Scripts of lecture 6. An example of the power of Monte Carlo to perform integrals within non-trivial boundaries. Suppose that you have a sample of sources taken from a survey in a given portion of the sky. You want to study the source clustering, so you want to compute the number of sources around a given point as a function of the distance to that point. Then, dividing the number of sources by the volume covered at each distance, you can obtain an estimate of the density of sources as a function of distance. However, the finite sky coverage of the survey implies that the covered volume at a given distance will not be that of a sphere, since some sources that should be counted will fall outside the coverage of the survey. This effect is known as "window effect". This script shows an example of how to deal with it.
Scripts of lecture 5. A silly script to check the smart Bayes relation (or the "inverse conditional probability" relation). In this script, we compute the chance of a supernova to be radioloud, based on different kinds of "evidence". Attend to the lecture for a deep discussion on this! :D
Scripts of lecture 4(b). What happens if you observe a faint source with an interferometer and all our phases get corrupted? Would you throw away all the data? Could you still make something with them? Would you estimate the flux density from the amplitude average? Sure? Nice example of the Maximum Likelihood Principle and how to apply it in the case of non-Gaussian random distributions. (What's the trick in this problem?... With a good estimate of the noise level in your visibilities, you can obtain a precise estimate of the source flux density just from the amplitudes).

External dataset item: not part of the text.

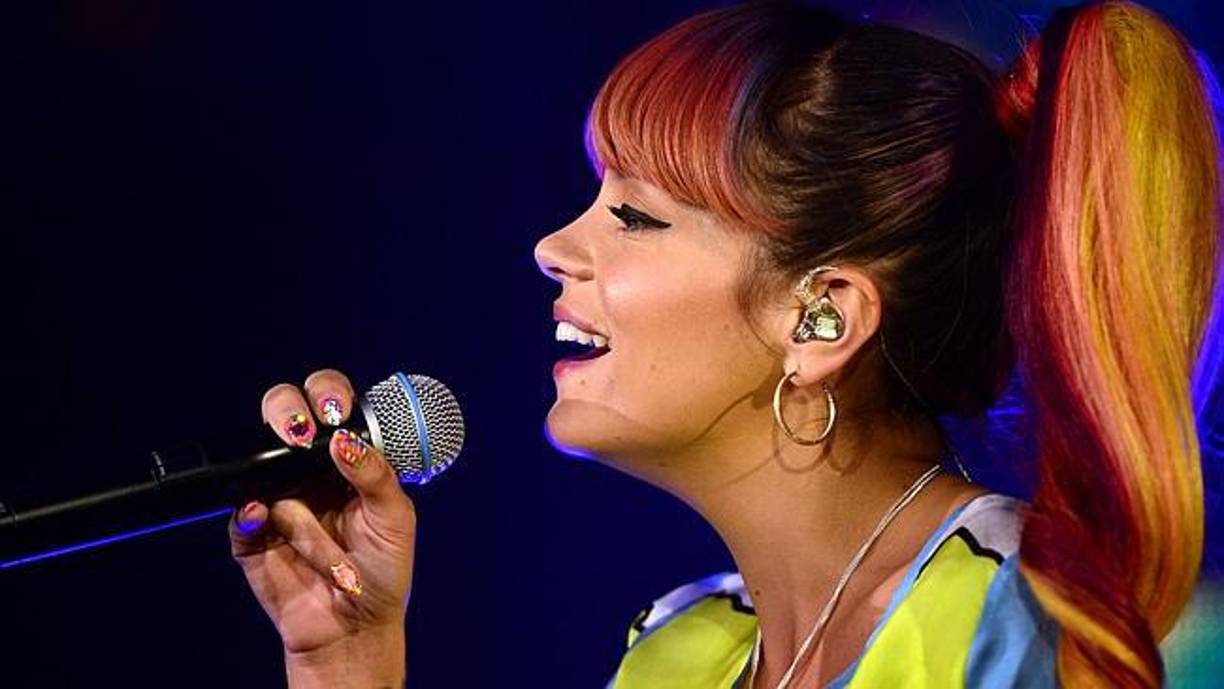 Allen ha decidido tomarse un tiempo libre para enfocarse en su bienestar. Aclaró que, aunque se tomará un descanso, no se trata de una recaída en sus problemas de adicción pasados, desmintiendo así los rumores que circulaban en internet.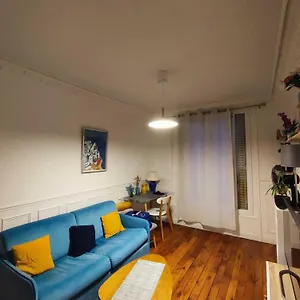 Cosy Au Coeur De Homestay Paris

Scripts of lecture 4. A basic example of a nonlinear least-squares fit. The (synthetic) data included represent the time evolution of the position angle of a jet. A simple model of precession must be fitted (a sine wave with a given amplitude and period). This script is only intended to help understand the basics of nonlinear least-squares fitting. Other more ellaborated (and robust) programs should be used to solve real-life problems.
Scripts of lecture 2. Estimates of the uncertainties of the brightness temperature and spectral index of a source, based on the Monte Carlo approach. The results are then compared to those coming from the Jacobian approach (i.e., the linear approximation of the error propagation). You will see an interesting, unexpected, "side" result: random noise can map into systematic effects in your estimates!
Scripts of lecture 1. Scripts to play with the central-limit theorem. You can check how the distribution of the averages from any set of random variables tends to be Gaussian, no matter the original distribution of the data. You can also check the Law of Large Numbers and the distribution of standard deviations of the averages (related to the Chi-Square distribution, to which we will come back more deeply in lecture 4).
Lecture 1. Introduction. Random variables. Probability density function (pdf). Statistical estimates of expected values from a finite dataset. The Central Limit Theorem. Uncertainties in the statistical estimates. The Chi Squared distribution. (Some equations were not rigurously written near the end of the lecture; corrected versions of these equations are given in the beginning of lecture 2).
Lecture 2. Error propagation. Correlation between random variables. The Covariance matrix. Propagation of uncertainties through the space of measurements (Jacobian approach). Non-linear error propagation; turning randomness into systematics.
Lecture 3. Data modelling (part 1). Principle of Maximum Likelihood (ML). Propagation of uncertainties into the space of model parameters. The case of Gaussian-distributed measurements; least-squares fitting (Pay attention to the last equation of the covariance matrix; the right expression is given in the beginning of lecture 4).
Lecture 4. Data modelling (part 2). Nonlinear least squares. ML in the case of non-gaussian noise. (A more detailed answer to the student's question about parameter error estimates from non-algebraic models is given in the beginning of lecture 5).
Lecture 5. Tests of hypotheses. Signal, null hypothesis, and alternative hypothesis. The critical probability. Collecting evidence: introduction to Bayesian analysis.
Lecture 6. Methods of Monte Carlo (MC). Statistics from simulated data. MC applied to multi-dimensional integration with non-trivial boundaries. The theorem of the inverse cumulative function. Simulation of a dataset with a generic probability density function.
Lecture 7. Thermal noise in 2D images. The effect of beam convolution vs. image size. Spurious sources in deep surveys.